* _Data extract_

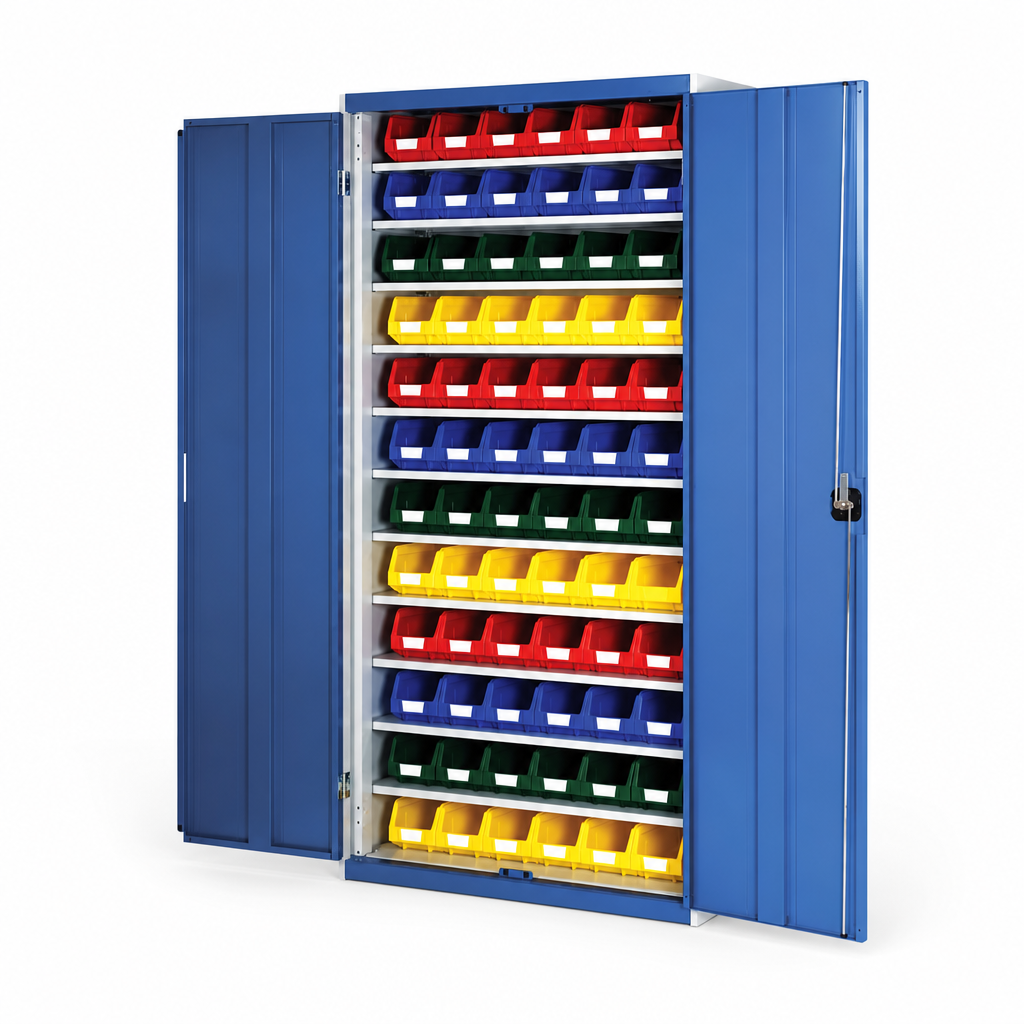 Tall Workshop Storage Cupboard with 72 Plastic Bins 2000x1050mm
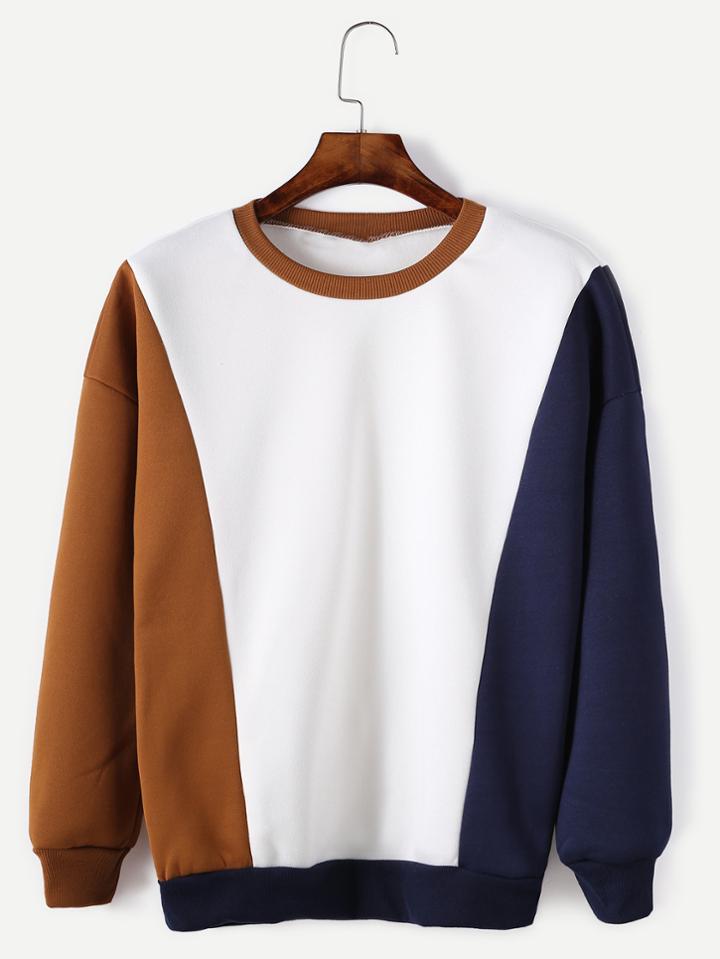Shein Color Block Contrast Trim Drop Shoulder Sweatshirt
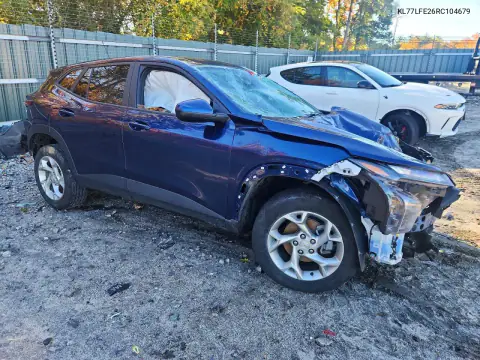 KL77LFE26RC104679 — 2024 Chevrolet TRAX, фото 4 з Copart, Передня частина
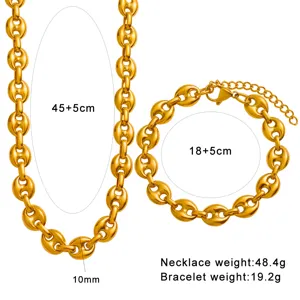 Gold Stainless Steel Coffee Bean Chain Necklace and Bracelet Set 45+5cm 18+5cm Jewelry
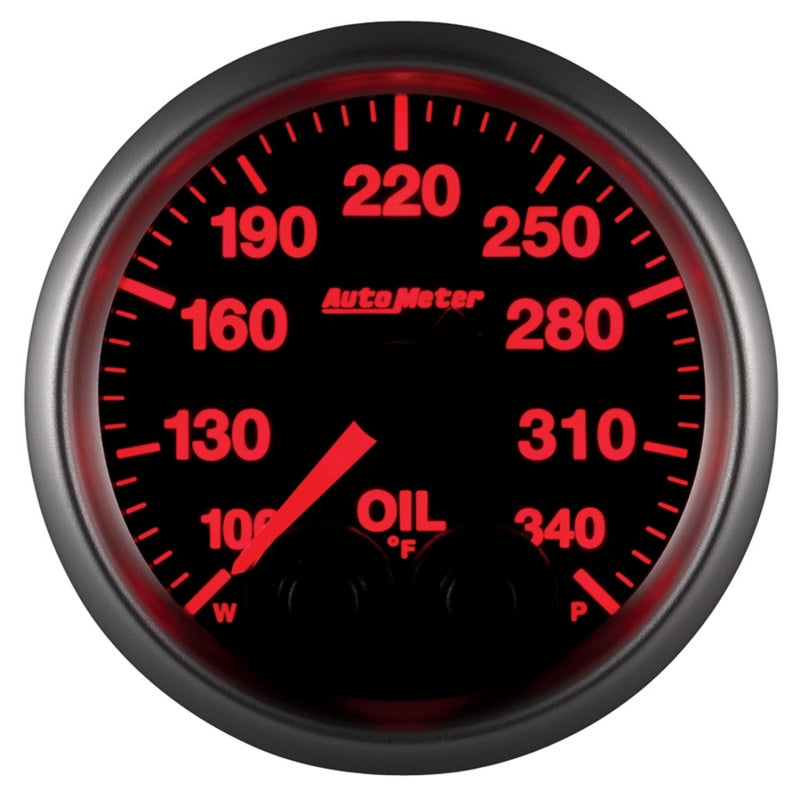 Autometer Elite 52mm 100-340 Deg F Oil Temp Peak & Warn w/ Electronic Control Gauge AutoMeter ATM5640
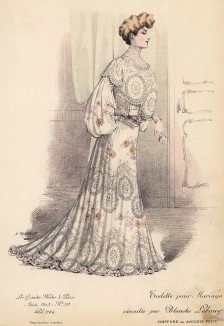 Наряд невесты от дизайнера Blanche Lebouv (Les grandes modes de Paris за 1903 год. Август)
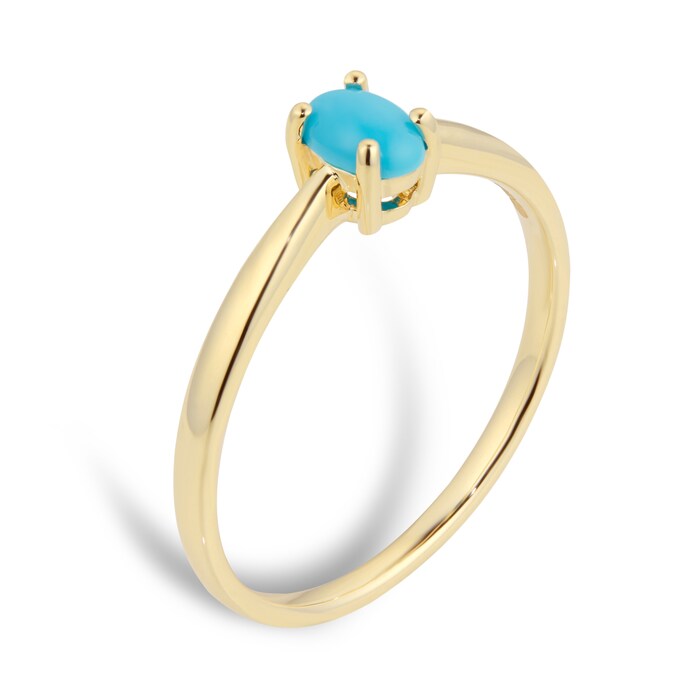 By Request 9ct Yellow Gold 4 Claw Oval Turquoise Ring - Ring Size Y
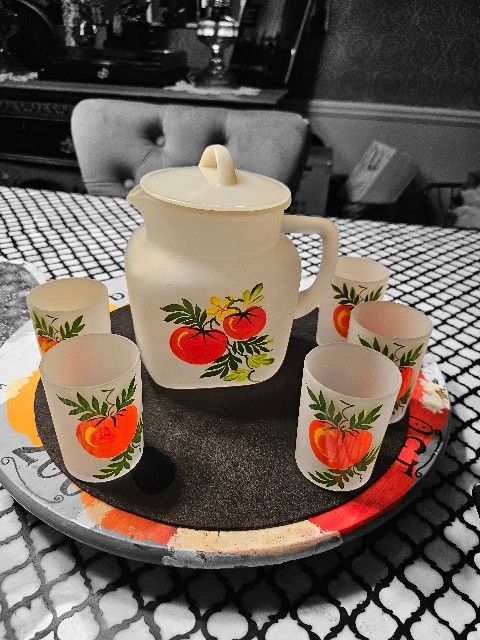 Vintage Frosted Glass And Hand Painted Pitcher And Glass Set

* _What the task asks_
Extract exactly the lines above from the line containing "Autometer Elite 52mm" through the last one, both ends included, but not the pictures.

* _Result for this task_
 Autometer Elite 52mm 100-340 Deg F Oil Temp Peak & Warn w/ Electronic Control Gauge AutoMeter ATM5640
 Наряд невесты от дизайнера Blanche Lebouv (Les grandes modes de Paris за 1903 год. Август)
 By Request 9ct Yellow Gold 4 Claw Oval Turquoise Ring - Ring Size Y
 Vintage Frosted Glass And Hand Painted Pitcher And Glass Set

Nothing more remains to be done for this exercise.